Historians have wondered
who this Elizabeth Gilliat was whom Jinnah was writing to
occasionally. For long it was thought that it was a
fictitious name that Churchill adopted. These volumes
clear the mist. Elizabeth Gilliat was Churchill's
Secretary. Jinnah was adopting dilatory tactics in
accepting the Partition plan as he was opposed to the
partitions of Punjab and Bengal. Zaidi does not, however,
include other documents relevant to Churchill's message
which Mountbatten conveyed to Mountbatten. This message
is available in the Transfer of Power volumes. The
message was to threaten Jinnah that all British troops
would be taken away from India, if Jinnah didn't accept
the Partition plan. Churchill had added, 'By God, Jinnah
is the only man who's can't do without British help'.
It has almost remained a
mystery why the Prime Minister of Punjab, Khizer Hayat
Tiwana who was bitterly opposed to the Muslim League.
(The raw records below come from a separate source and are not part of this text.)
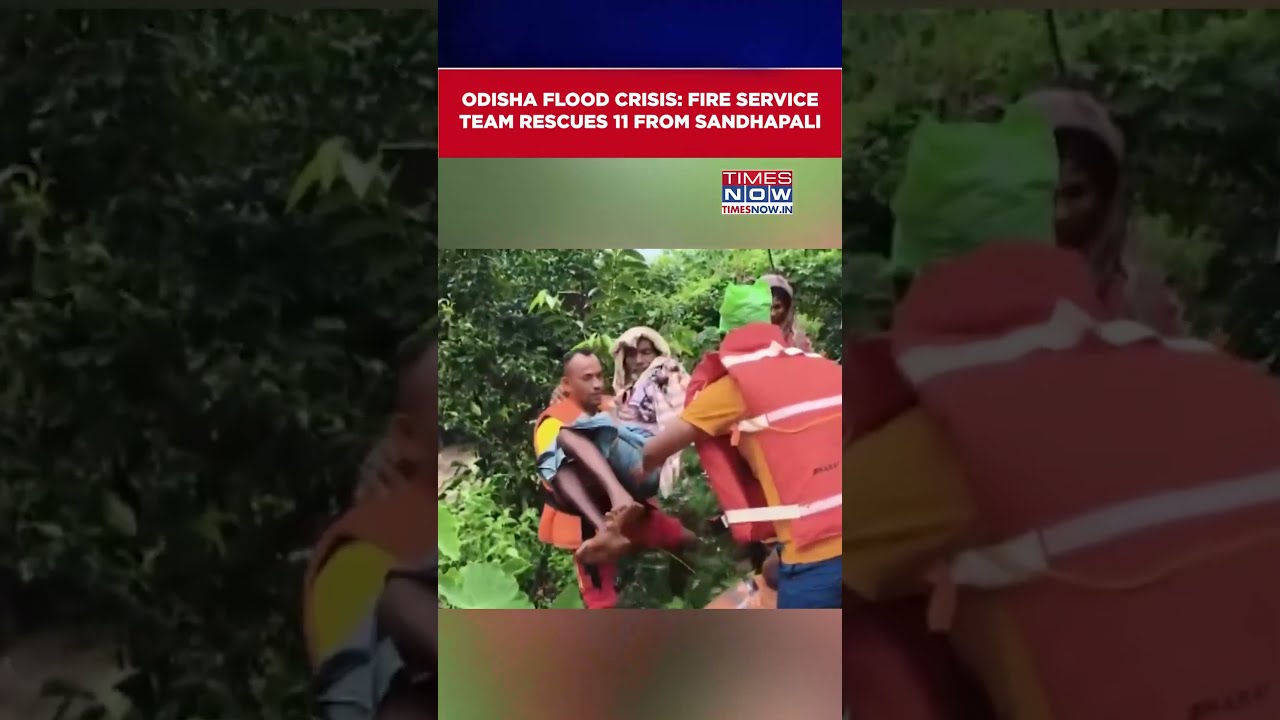 Odisha Flood Crisis: 11 Rescued From Flood-Hit Sandhapali In Kendrapara | Watch #shorts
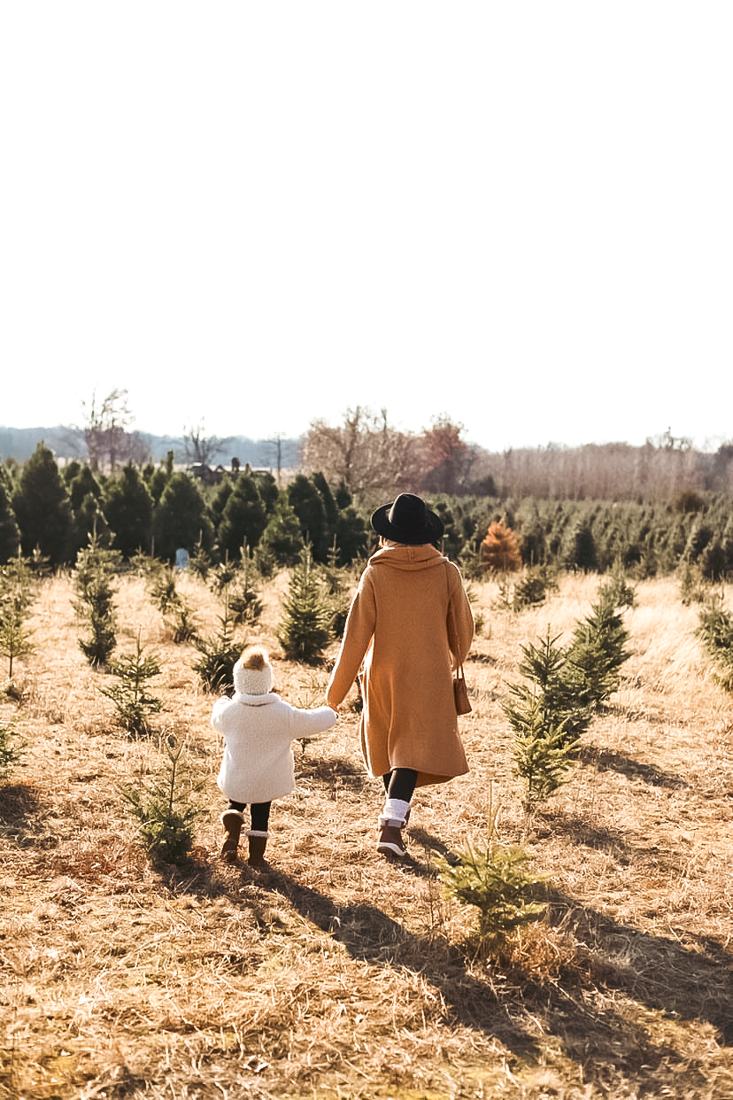A mom and daughter walk hand in hand through a field of young trees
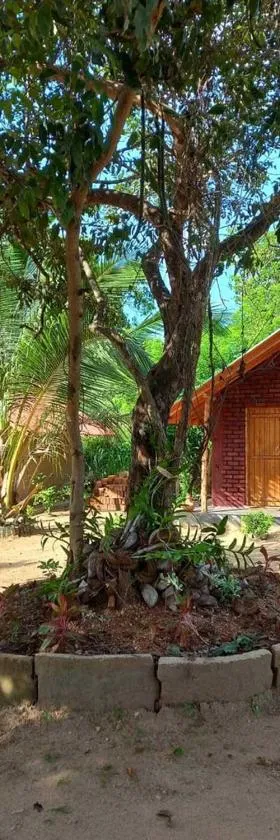 Hotel Chanaya，位于Ambanpola的酒店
Suddenly resigned on March 2, 1947, to the chagrin of the
Congress and Akali leaders whom he didn't care to
consult. It must be emphasised that the Unionist Ministry
wouldn't have lasted due to the popular Civil
Disobedience Movement in Punjab. The documents in Volume
I show that it was Jinnah's emissary Sir Mohammed
Zafarulla who persuaded Khizer not to betray his
community in the hour of trial. It appears that the
letter of resignation was drafted by Sir Zafarulla.
There is ample evidence in
these volumes (particularly in 2nd part of Vol. I) drawn
chiefly from the newspapers Dawn and Pakistan
Times that Jinnah masterminded the Civil Disobedience
Movement in Punjab and the North Western Frontier. His
object was to topple the Khizer and Khan Sahib ministries
and to disturb the communal ratio in Assam so that he
could grab for Pakistan the largest possible area. In
this the designs of the two members of the Viceroy's
Executive Council, Abdul Rab Nishter and Ghaznafer Ali
Khan are laid bare. The Civil Disobedience Movement had a
popular support in which large number of students of
Aligarh Muslim University, burqa-clad women, Pirs
and Sajjada-Nashin participated. The newspaper
material is extremely valuable which is not available in
this country, though, sadly enough, extracts from Urdu
newspapers and journals are omitted.
This work suffers from a
lack of proper editing and annotation. For example, the
reader is at a loss to know who. K. Rallia Ram is, a
fervent correspondent, who informs Jinnah regularly about
the political developments in Punjab. The editor has not
cared to identify even Riaz Piracha who became later the
Foreign Secretary, Pakistan. In 1946 he was the President
of the Punjab Muslim Students Federation. Riaz Piracha is
prepared to give up his studies in order to fight for the
cause of Pakistan. There are quite a number of
individuals flitting across the pages but no attempt is
made to identify them.
Jinnah had the habit of
making some doodles at times, but he wrote short notes
for his own use these may be called
"dispersed meditation", to use Francis Bacon's
expression. One of these notes reads as follows:
Money lost nothing
lost
Courage lost much
lost
Honour lost most
lost
Soul lost all lost
(Vol. II, p. 257).
To sum up, uncomfortably
bulky as these volumes are, a scrappy collection of
documents, some of its valuable material can be easily
found in the specialised publications. The whole work
lacks sense of direction, a clear-cut design. The
documents are listed neither chronologically nor
thematically. The index is inadequate, and the references
are too perfunctory to be of any value. It lacks
Mansergh's almost suffocatingly thorough
cross-references. The documentation is ruthlessly
selective and aggressively tendentious but it is a
pioneering documentary work published in Pakistan on the
Partition. One is grateful for Zaidi's immense labours
but they were not usefully directed.